This documentary tries its best to discredit Robert Capa, who was maybe the most important wartime photographer ever.

His famous photo about a mortally wounded soldier in the Spanish civil war is claimed to be a fake. The documentary shows us a very similar photo with just a different man dying. Without ANY expert opinions from researchers or anyone else this is just innuendo. Was it really a fake? Did Capa or someone else re-create the shot? I don't know. The documentary throws questions in the air without really even trying to answer them.

In the start the narrator tells us that Magnum Photos - the photo agency Capa established and which owns the copyrights to his photos - declined to help in the making of this program, probably because of the negative (pun unintentional) portrayal. The narrator also tells that Magnum scared all the other interviewees away from this project - WHAT A JOKE! Magnum has a very creditable status and a large photo archive but this is not a Scientology organization that resorts to scare tactics! The interviewees are limited to John G. Morris - a friend and colleague of Capa who doesn't give a very insightful commentary - his part is to just identify Capa from old pictures or some (admittedly interesting) archive reels.

I happened to watch this documentary straight after a more thorough glimpse of Capa's life in "Robert Capa: In Love and War" which portrays Capa in a completely different view and gives a great perspective to compare both. While neither is a complete biography nor even tries to be such, this French documentary makes me appreciate the aforementioned US documentary even more in how it lets the Capa's old friends and work mates to tell their stories whereas this one relies almost completely on a narrative. One WW2 veteran told an especially memorable story how in a middle of a heated battle in 1944 in France he met Capa who calmly smoked a cigarette and discussed about Tolstoy's literature, and how he never again met Capa.
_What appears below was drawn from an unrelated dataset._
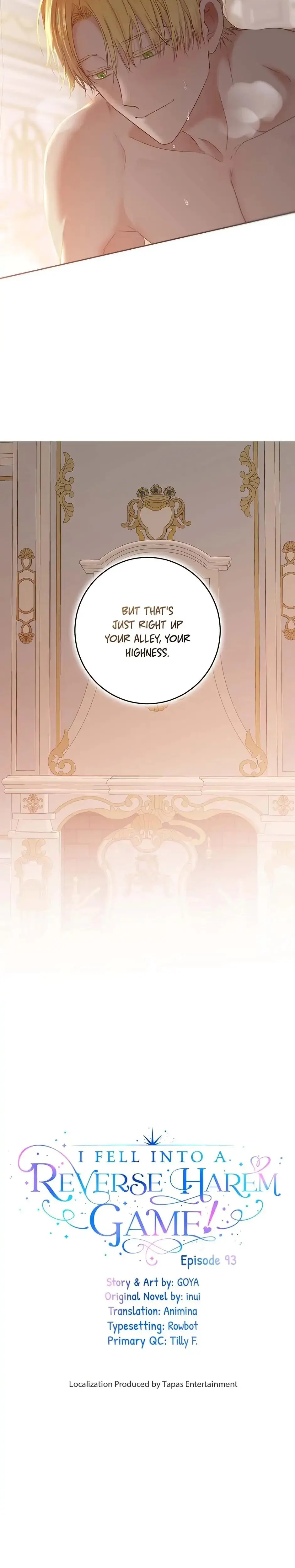 I Fell Into A Reverse Harem Game Chapter 93 - Page 11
There are of course some points in both documentaries that tell the same parts in completely different light. I'm talking 180 degrees here...

For example there is a shot of Capa taking a bath. The US documentary has one of his friends tell us that he came in Capa's apartment to ask for work in Magnum and took the picture. The narrator in this documentary talks how "it took several hours for Capa to get into his role as Robert Capa in the morning" while showing the same picture in the background.

Another thing is Capa's death in a Vietnam. The French documentary claims that Capa was a depressive little man with a deathwish and stepping to a mine that killed him was a logical end to his life. The US documentary tells that he was just marching along with US troops and unfortunately happened to step to a land mine.

The points I give are for some interesting archive reel shorts that were not on the better documentary. This documentary could be of interest to those who want to analyze faux documentaries.